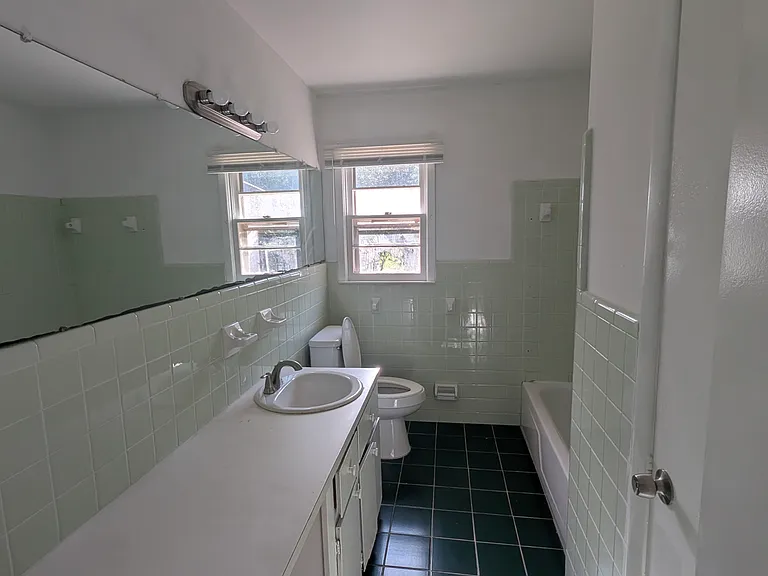 404 Carolina Ave — Photo 11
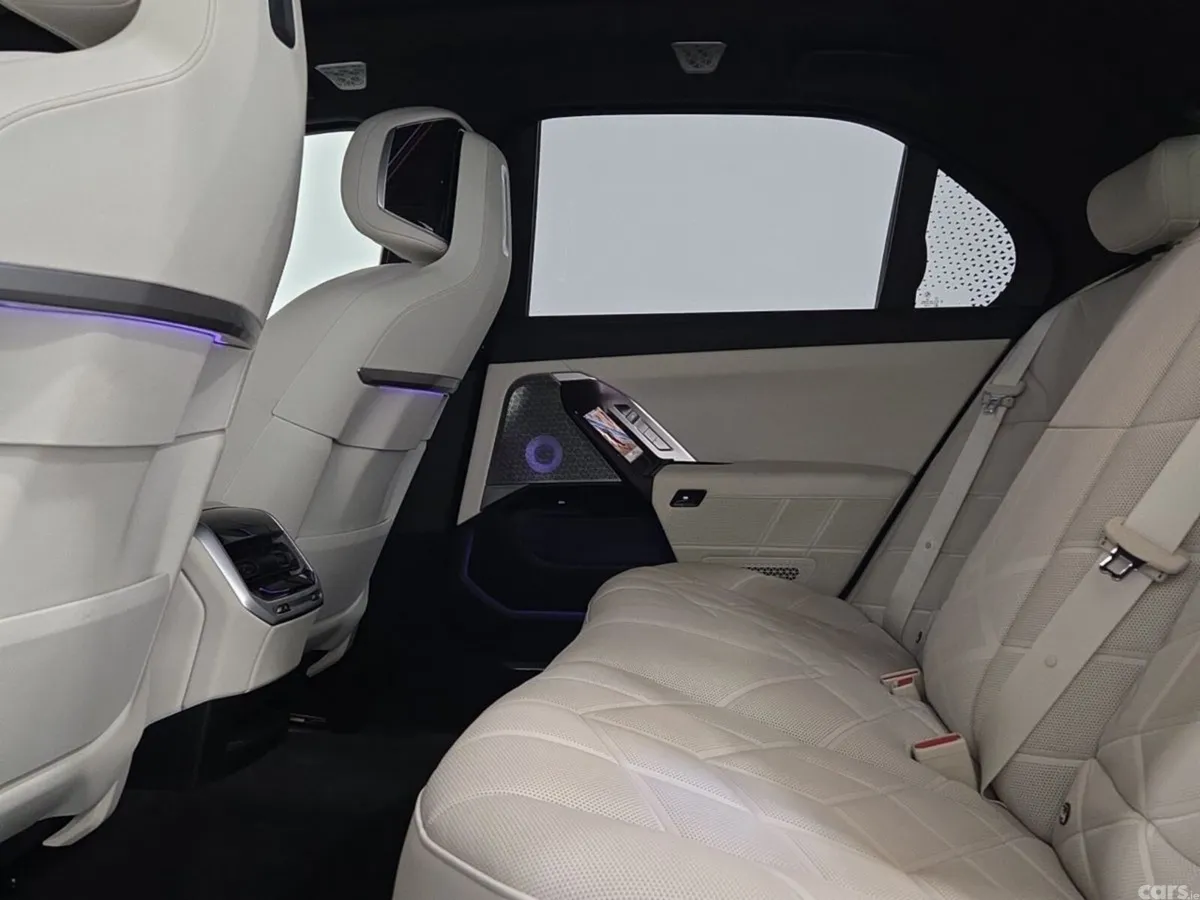 BMW 7-Series Saloon, Petrol Plug-in Hybrid, 2023, Grey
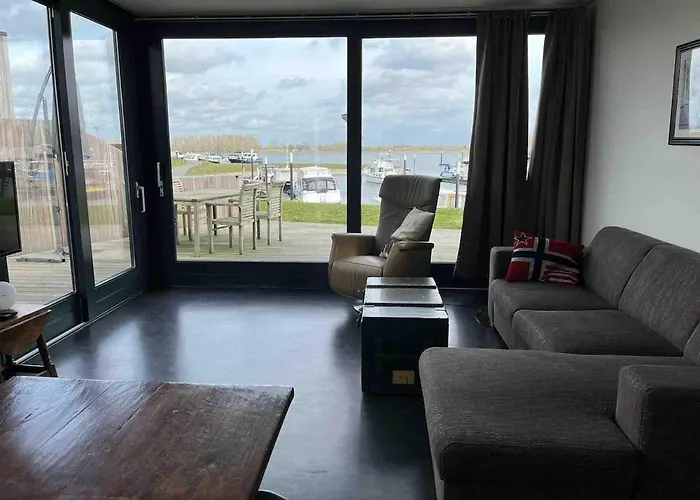 Luxury In A Quiet Park By Esmeer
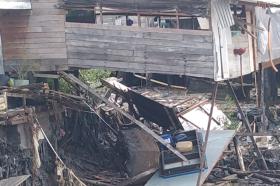Tanah Tiba-Tiba Amblas, Belasan Rumah Rusak dan Warga Kuala Enok Mengungsi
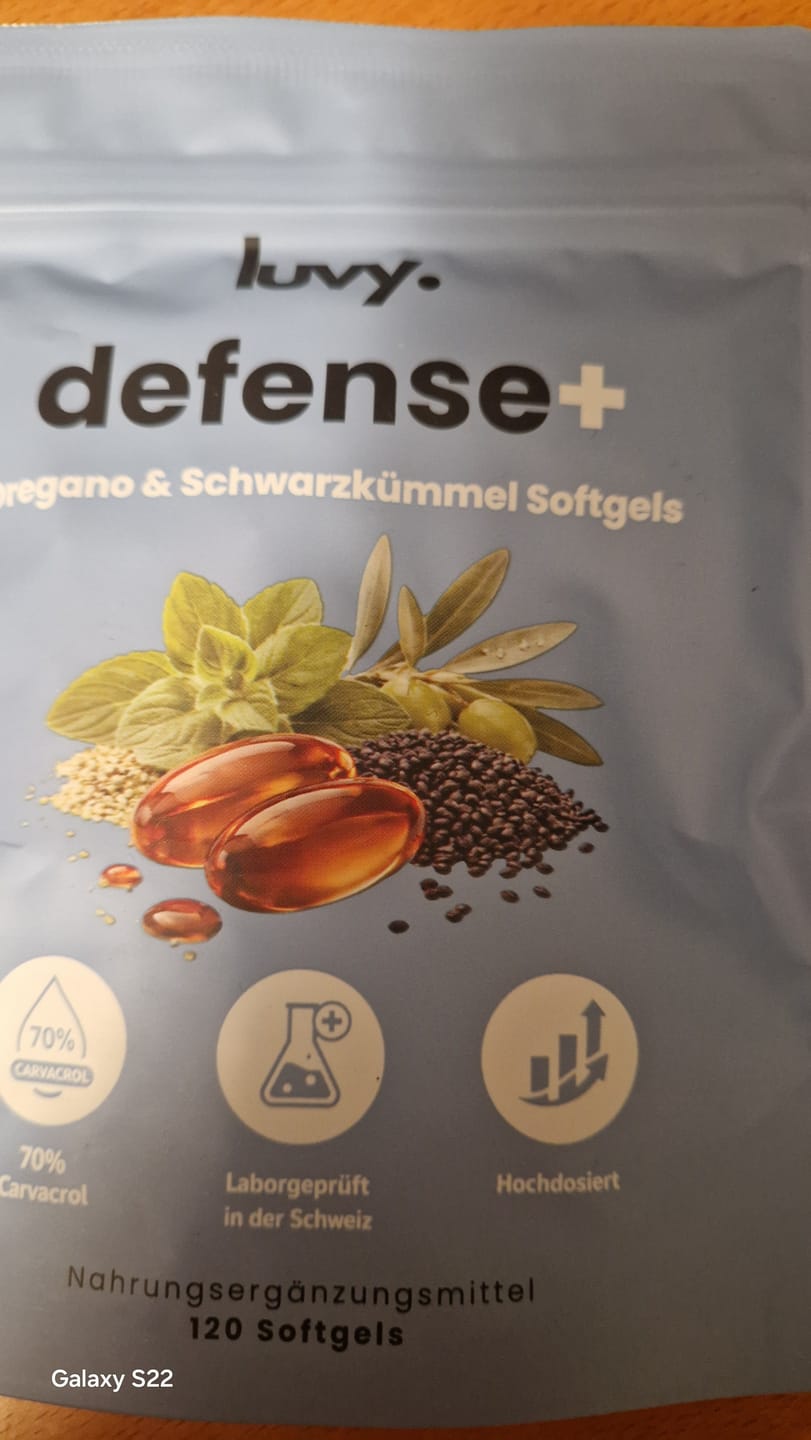 Customer photo review of DEFENSE+ 3-in-1 Darmkur | Oregano, Schwarzkümmel & Olivenblatt Softgels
************
What to do - All that is required is an exact reproduction of the lines from the one containing "BMW 7-Series Saloon, Petrol" to the final line of the listing above, pictures omitted.

Exercise result -
 BMW 7-Series Saloon, Petrol Plug-in Hybrid, 2023, Grey
 Luxury In A Quiet Park By Esmeer
Tanah Tiba-Tiba Amblas, Belasan Rumah Rusak dan Warga Kuala Enok Mengungsi
 Customer photo review of DEFENSE+ 3-in-1 Darmkur | Oregano, Schwarzkümmel & Olivenblatt Softgels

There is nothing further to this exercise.